◆ **DIRECTIONS FOR THIS TASK**: Excluding pictures, what does the listing below contain from the line with "2, The Court, 109d" up to and including the line with "Las escuelas de", word for word?

◆ **INFORMATION SUPPLIED**:
....................

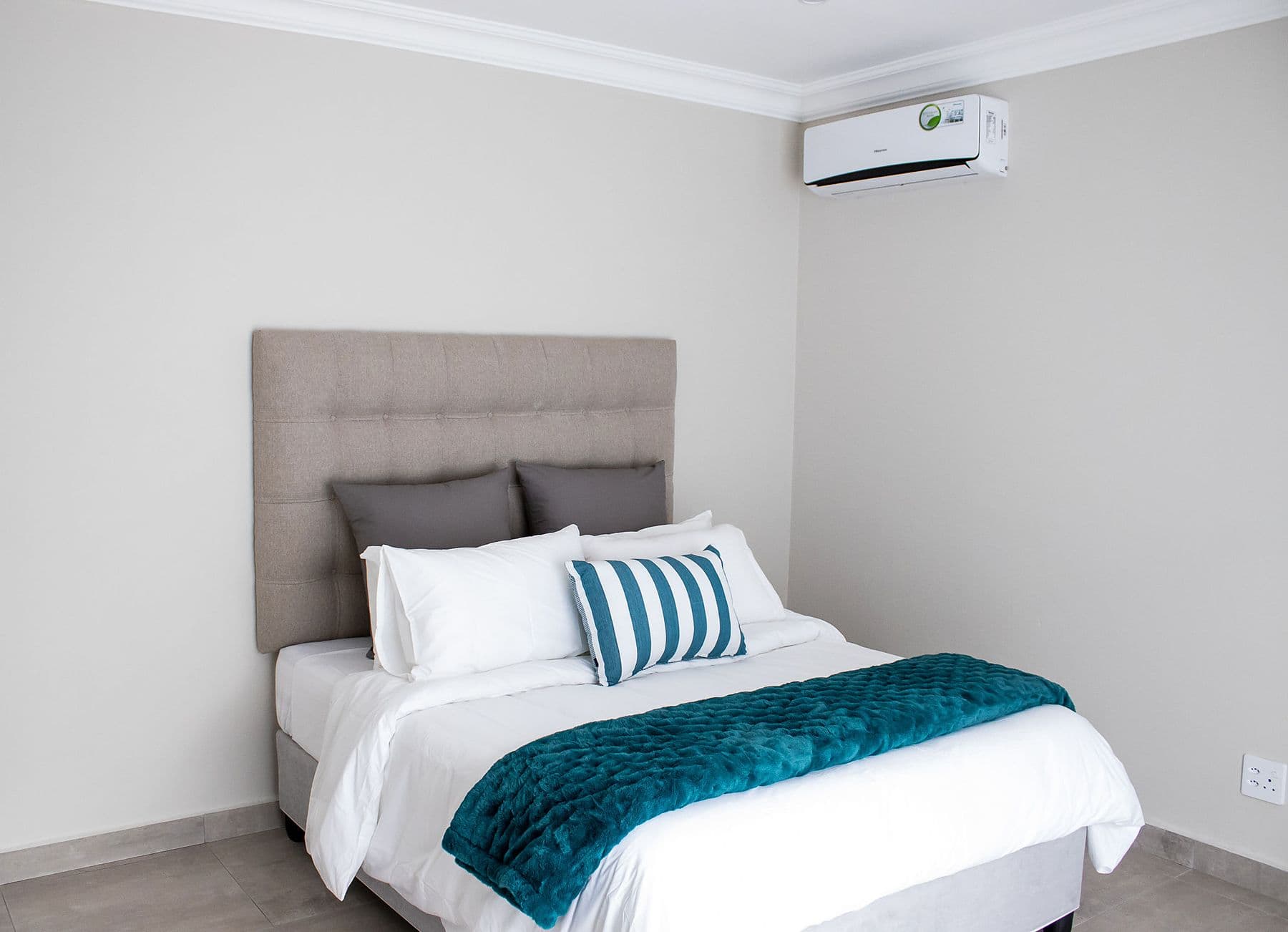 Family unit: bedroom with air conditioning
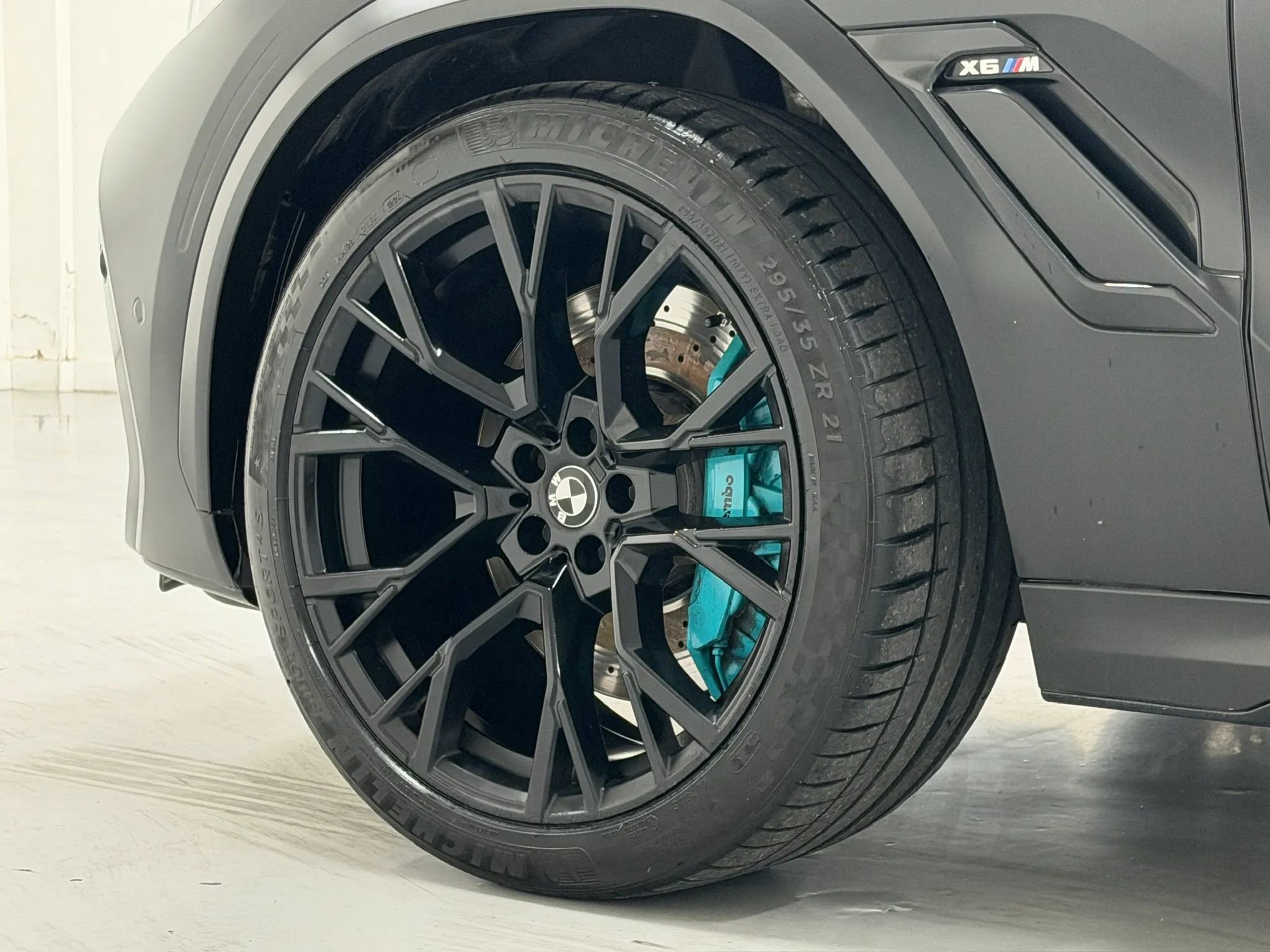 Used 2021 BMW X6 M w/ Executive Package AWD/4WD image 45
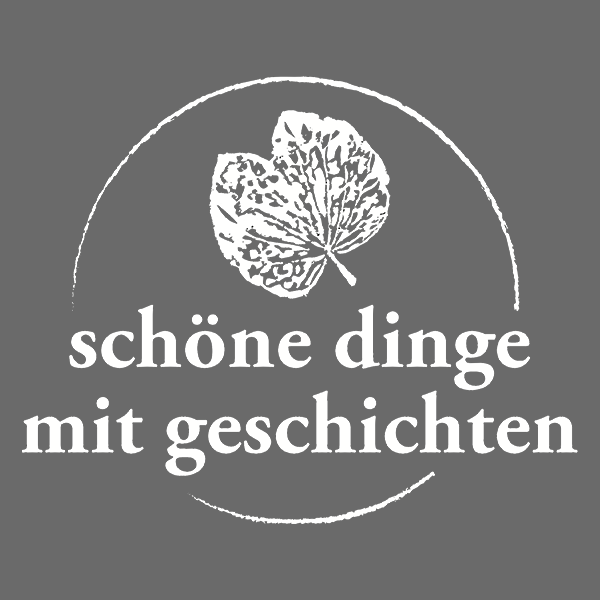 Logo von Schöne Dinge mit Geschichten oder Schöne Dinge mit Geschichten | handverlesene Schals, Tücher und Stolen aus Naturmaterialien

....................

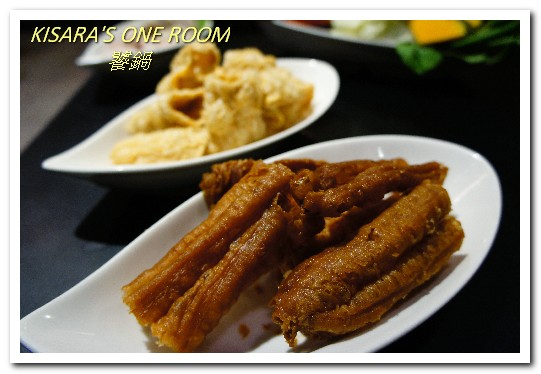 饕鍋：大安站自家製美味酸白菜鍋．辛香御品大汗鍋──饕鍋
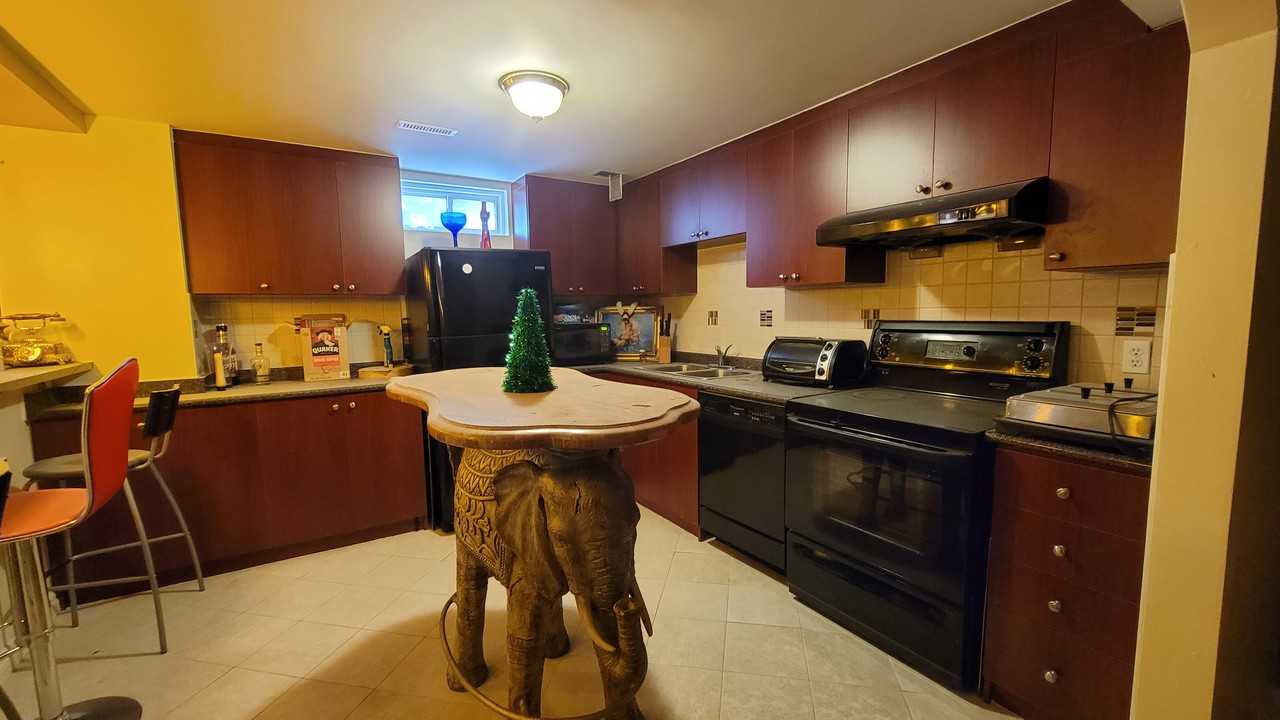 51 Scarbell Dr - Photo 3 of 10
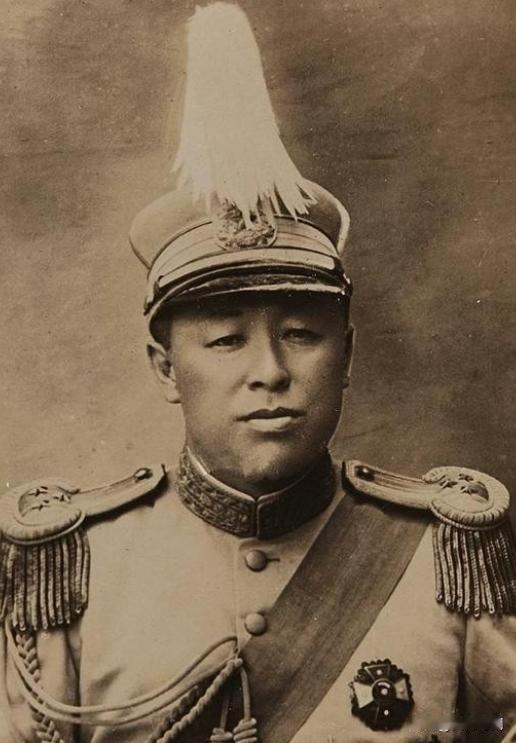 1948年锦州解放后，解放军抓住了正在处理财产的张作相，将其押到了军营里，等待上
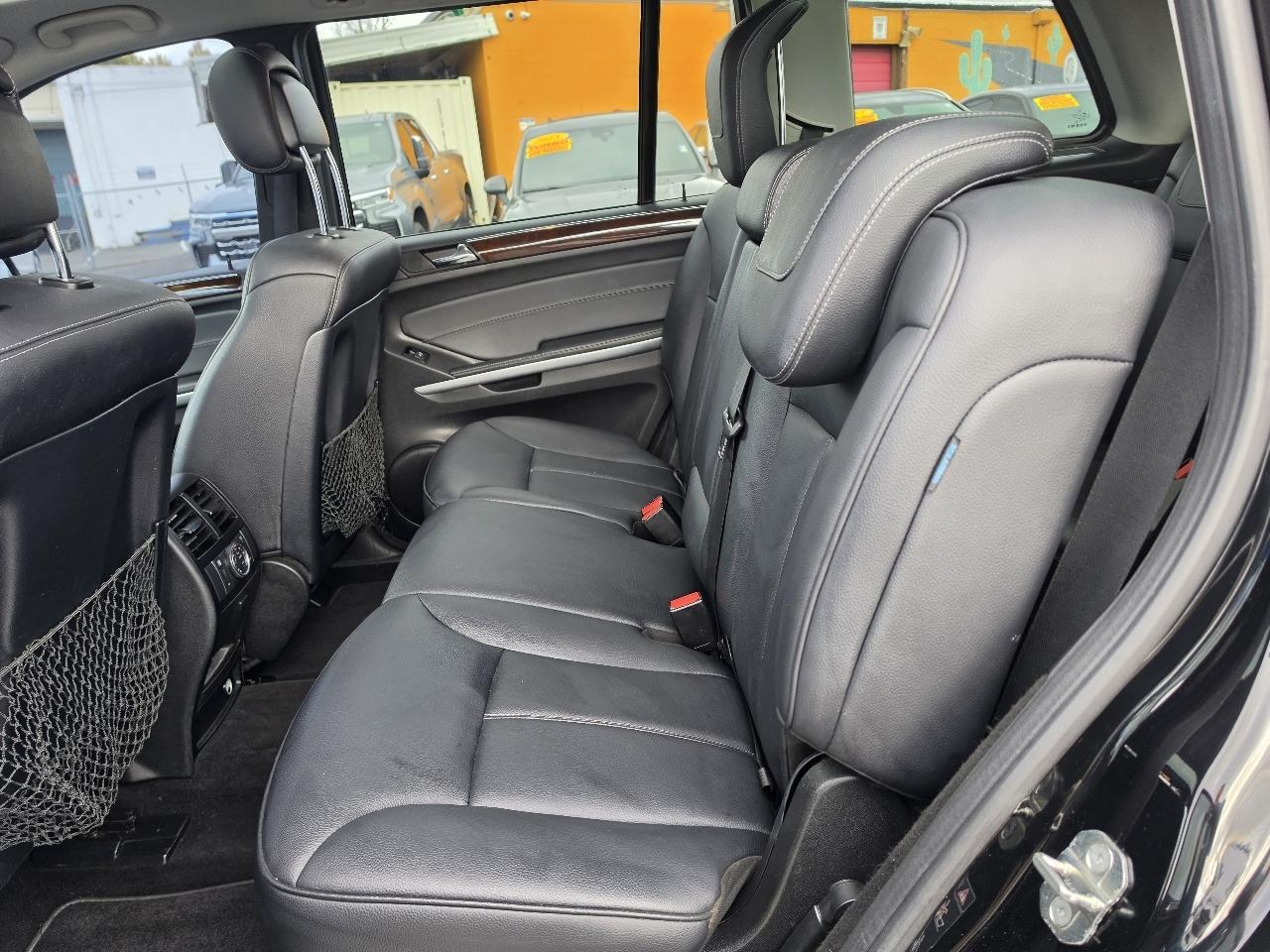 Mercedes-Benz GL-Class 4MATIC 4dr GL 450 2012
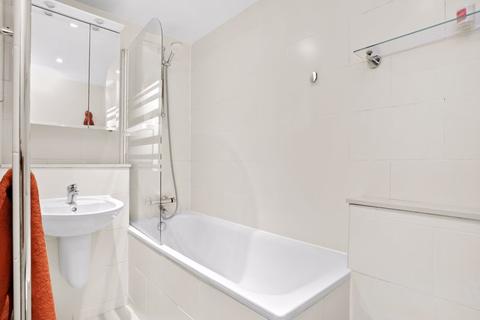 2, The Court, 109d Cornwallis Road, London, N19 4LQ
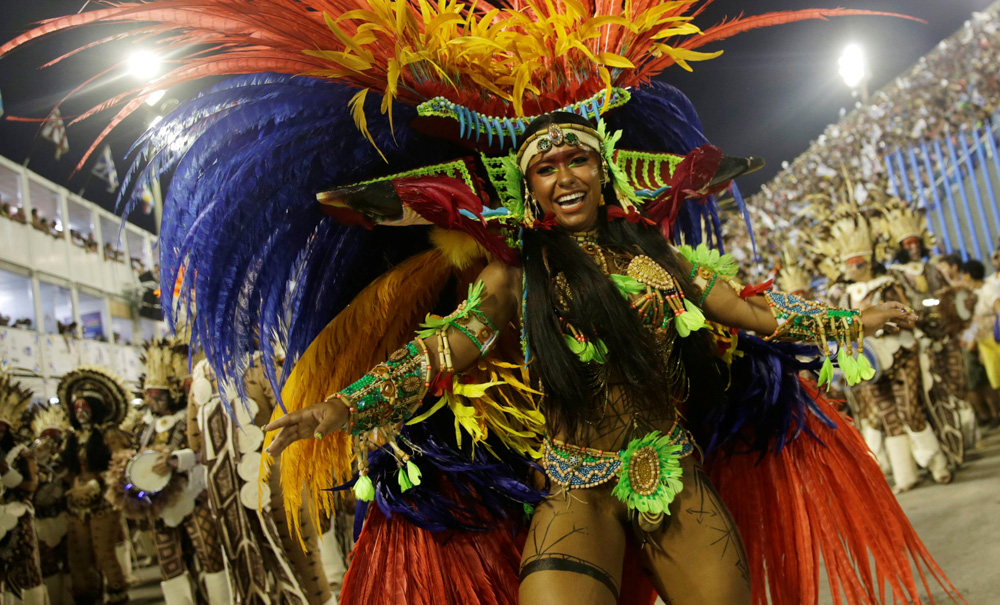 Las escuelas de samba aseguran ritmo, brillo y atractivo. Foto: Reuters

....................

◆ **ANSWER BOX**:
 2, The Court, 109d Cornwallis Road, London, N19 4LQ
 Las escuelas de samba aseguran ritmo, brillo y atractivo. Foto: Reuters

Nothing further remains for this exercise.